米Microsoft Worldwide Chief Security Advisor Jonathan C. Trull氏

日本マイクロソフトは11月2日、米MicrosoftのWorldwide Chief Security AdvisorであるJonathan C. Trull氏の来日に合わせ、エンタープライズセキュリティに関する記者説明会を開催した。

説明会の冒頭、Trull氏は10月に発生した大規模なDDoS攻撃について触れ「米東海岸の企業が標的になった攻撃は、IoTデバイスが踏み台となっていた。
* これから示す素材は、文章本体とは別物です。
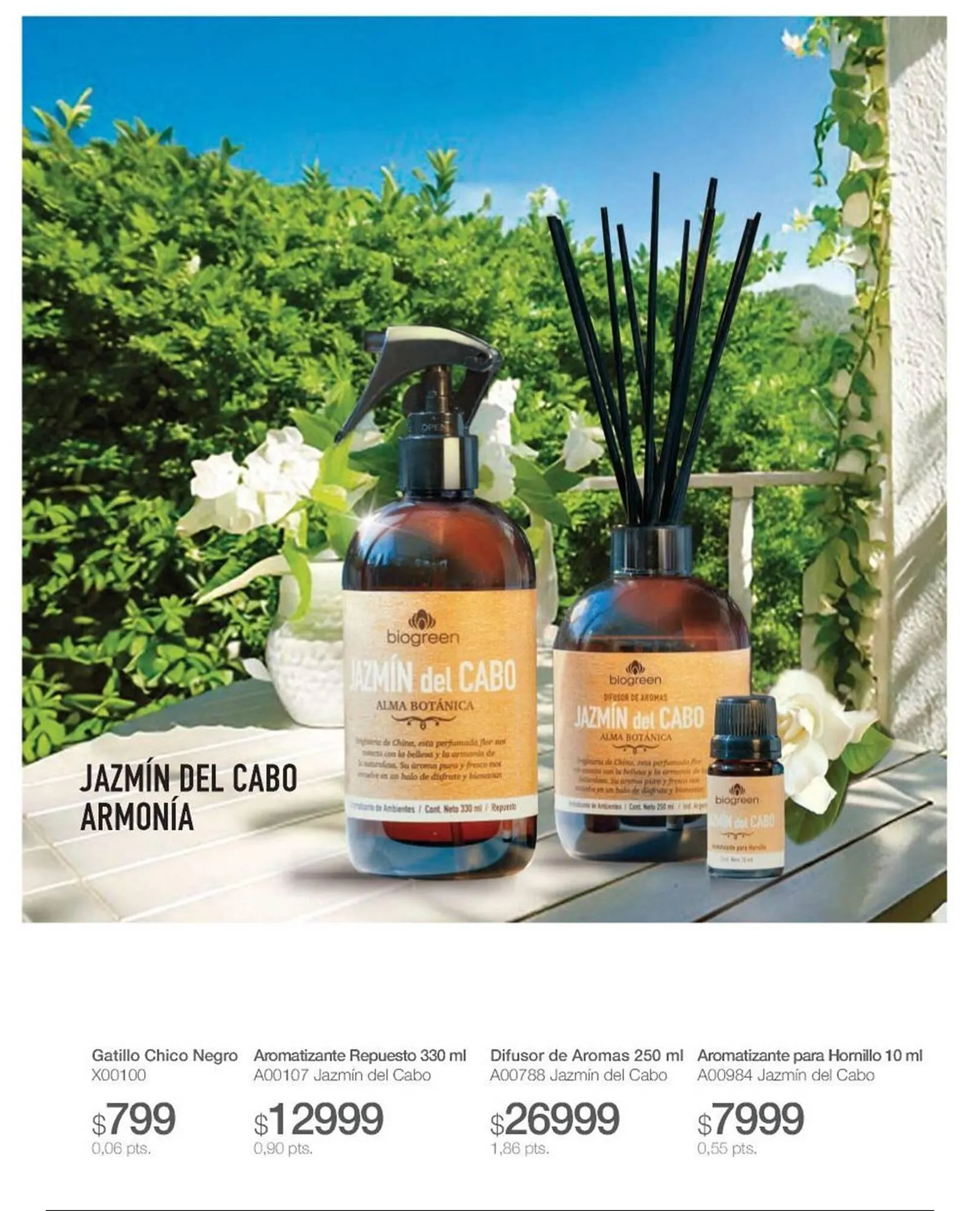 Ofertas de Catálogo Biogreen 15 de mayo al 31 de mayo 2025 - Página 10 del catálogo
デジタルの最先端はダイナミックになっているが、こうした事象は攻撃でも同じだ」と話し、ビジネスのデジタル化が進むのと同時に、サイバー脅威も深刻になると指摘した。

同社はデバイスからクラウドまで、多様なプラットフォームでデジタル化を支援しているが、ビジネス変革が進展することでデバイスは社外へ、トラフィックもパブリッククラウドへ流れるため、従来の「境界型セキュリティ」では多様化する攻撃を防げない。ここでマイクロソフトが提案するのは「IDによる統制」だ。
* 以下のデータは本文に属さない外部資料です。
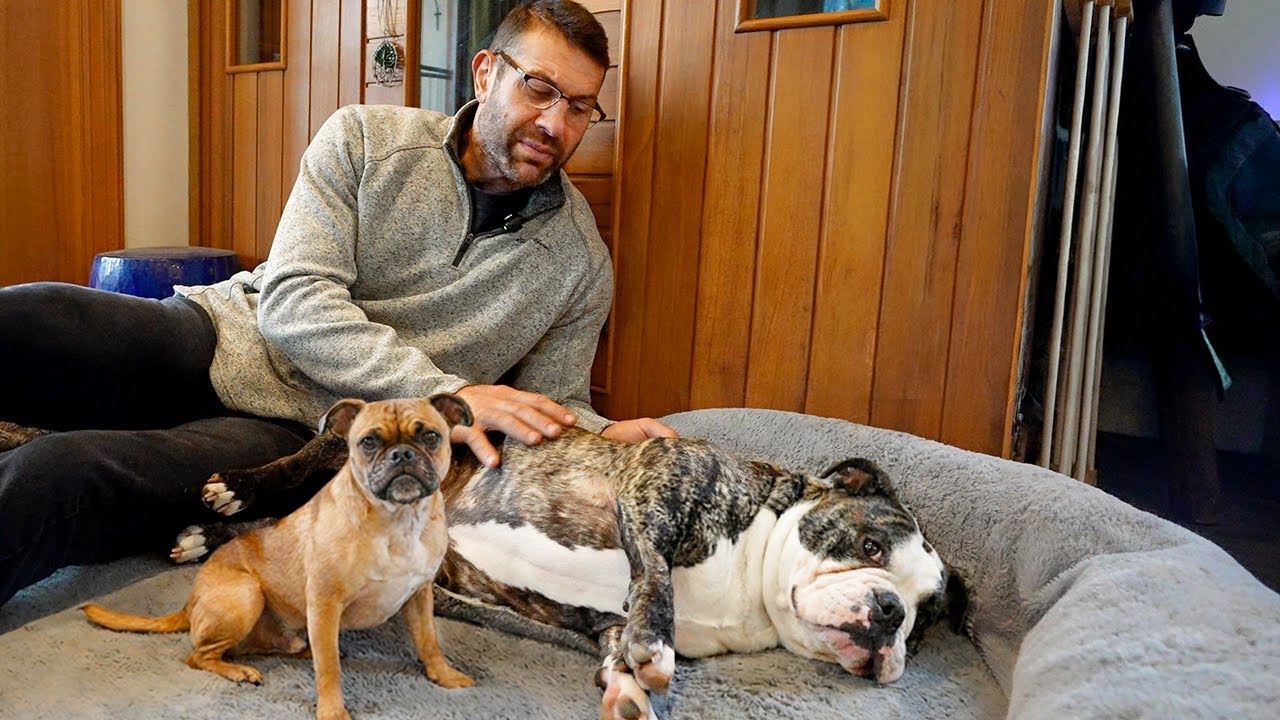 We Didn’t Know If These Dogs Would Make It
IDは「利便性の向上」と「事後対応力の向上」「運用の安全性」の向上に繋がる。例えばAzure AD(Active Directory)によるシングルサインオン(SSO)は、AzureやOffice 365、さらに他社SaaSアプリでもログインできるようになることで、エンドユーザー(従業員)の利便性向上になる。ログイン環境を集約することは、万が一のサイバー攻撃の際にも、検出からインシデントレスポンスまでの期間短縮に繋がる上、システム担当者の運用負荷軽減となる。

オンプレミスのActive Directoryも運用負荷の軽減に寄与していたが、より適応範囲が広がり、なおかつシステムが常に最新の状態に更新されるクラウドメリットを最大限に活かせるAzure ADは、MSにとっても、モバイル化、クラウド化の恩恵を受けたい従業員にとっても希望の星となる。

こうした戦略に合わせて同日、MSとラックは「IDベースドセキュリティソリューション」の提供を発表した。基本的にはマイクロソフトが提供するEnterprise Mobility + Security(EMS)と、ラックのJSOC監視・運用サービスを組み合わせて提供。簡易アセスメントからPoC(Proof of Concept)、マネージドサービスと、ワンストップでEMSの導入支援、運用を行う。

協業にあたっては「プラクティスディベロップメントユニット(Practice Development Unit)」がラックのクラウドビジネス立ち上げを支援した。ラックは、MSのパートナープログラム「クラウドソリューションプロバイダー(CSP)」に参加して自社にもEMSを採用し、有効性や利便性の評価と、社内実践で得たノウハウをソリューション開発に活かすとしている。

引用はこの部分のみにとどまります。